▶ **Exercise aim**:
Leave every image behind and restate the data word for word.

▶ **Given material**:
◇ ◇ ◇ ◇ ◇ ◇ ◇

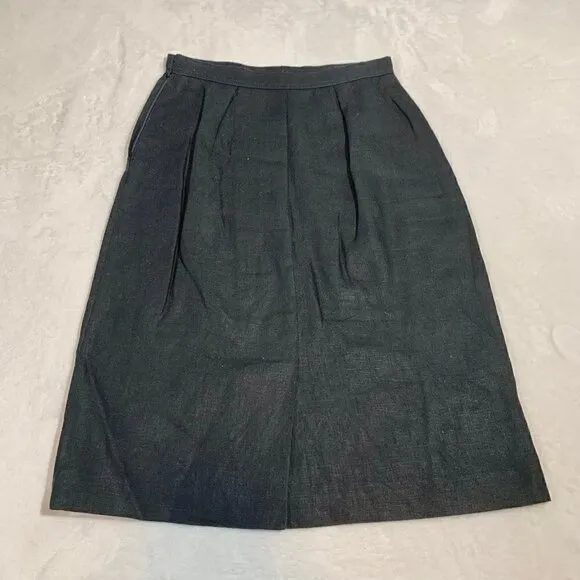 Valentino black pleated lined above knee fitted a-line pencil skirt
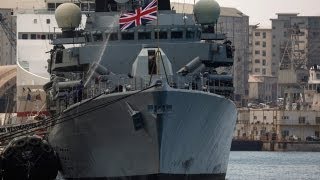 Royal Navy warship arrives in Gibraltar amid reef furore [upl. by Attehcram]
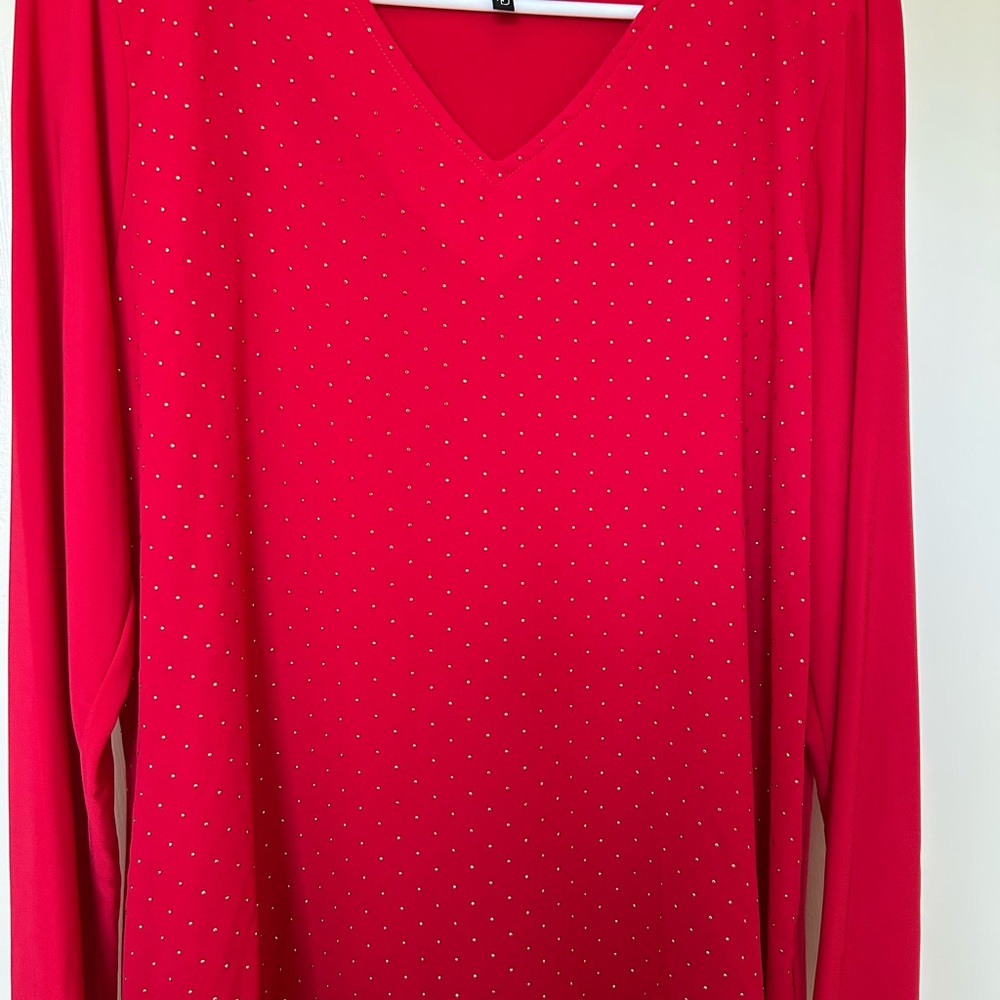 New Directions Red V-Neck Blouse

◇ ◇ ◇ ◇ ◇ ◇ ◇

▶ **Answer to the exercise**:
 Valentino black pleated lined above knee fitted a-line pencil skirt
 Royal Navy warship arrives in Gibraltar amid reef furore [upl. by Attehcram]
 New Directions Red V-Neck Blouse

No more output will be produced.